New St Peter’s beer marks 75 years since Suffolk’s ‘friendly invasion’ by US airmen
PUBLISHED: 18:18 30 May 2017 | UPDATED: 18:18 30 May 2017
A brewery has been commissioned to create a special commemorative beer to celebrate Suffolk’s ‘friendly invasion’ by US airmen during the Second World War.
The 487th Commemorative Beer was commissioned by The Swan at Lavenham and will be served at the hotel’s Airmen’s Bar. It commemorates the 487th BG, 8th USAAF which was stationed at RAF Lavenham and is made by St Peter’s Brewery based at St Peter South Elmham, near Bungay.
During the Second World War, East Anglia became home to thousands of US airmen. The United States 8th Army Air Force (USAAF) arrived in 1942, and between 1942 and 1945 there were around 50,000 USAAF personnel stationed across East Anglia.
The impact of the ‘friendly invasion’ on local communities was considerable, particularly in villages where American servicemen and women vastly outnumbered the local population.
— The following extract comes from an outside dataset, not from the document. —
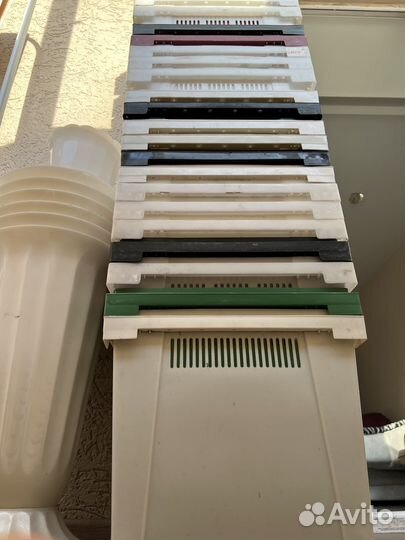 Пластиковые ящики (баки )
It was a time of jitterbugging dances and big band sounds, and the first taste of peanut butter, chewing gum and coke for many people in East Anglia.
For the Swan at Lavenham, whose Airmen’s Bar was frequented by the US airmen during the war, this part of history is firmly etched into the 15th century oak-beamed hotel. The bar itself still bears the history of its drinkers with an inspiring collection of signatures and mementos adorning the walls.
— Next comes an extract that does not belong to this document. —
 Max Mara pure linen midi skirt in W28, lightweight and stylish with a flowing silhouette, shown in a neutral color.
Jane Larcombe, business development manager for the TA Hotel Collection, which runs the Swan, said: “It is 75 years since American airmen arrived in East Anglia. They played a huge part in the history of The Swan and we felt it was important to commemorate it.”
The 487th Commemorative Beer is a 4.7pc golden ale, and is also available to buy from St Peter’s shop.
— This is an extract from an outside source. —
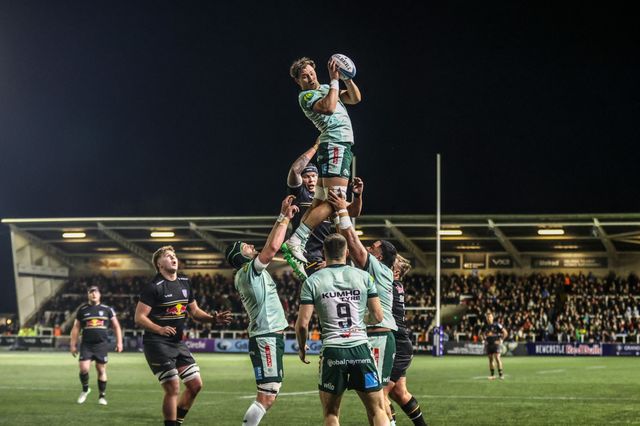 Joaquin Moro of Leicester Tigers jumps up to win the high ball during the Premiership Rugby Cup match Newcastle Red Bulls vs Leicester Tigers at Kingston Park, Newcastle, United Kingdom, 31st October 2025

(Photo by Alfie Cosgrove/News Images)

*** GER AUT SUI OUT ***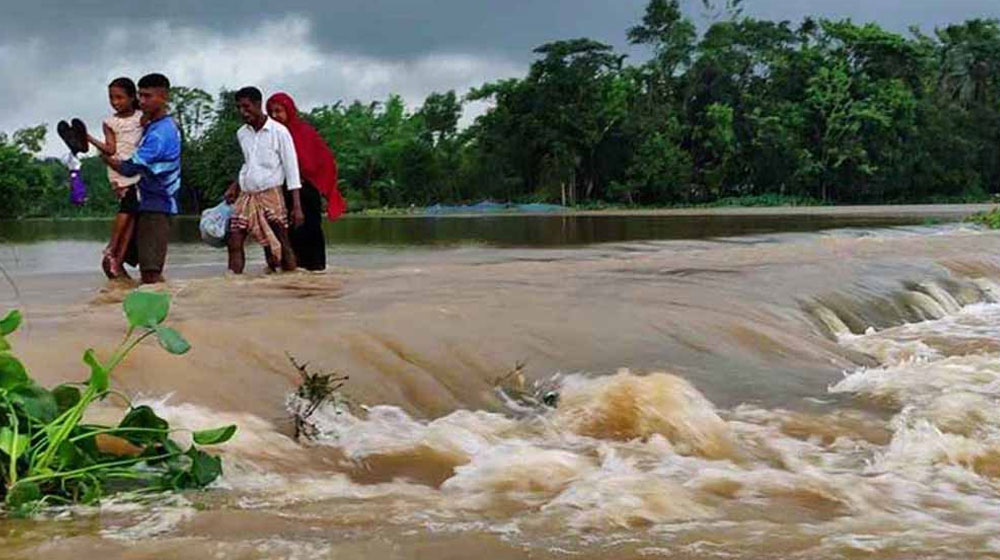 ভারি বৃষ্টিপাতে প্লাবিত হতে পারে ৯ জেলার নিম্নাঞ্চল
Steve Magnall, CEO at St Peter’s Brewery, said: “When we were approached by The Swan to develop a beer, we were only too pleased to help.
“The 487th Commemorative Beer is a light, golden ale, with caramel aromas, a pleasing toffee apple flavour and a late bitterness. We hope it pays tribute to the US airmen and reminds people of this interesting part of East Anglian history.”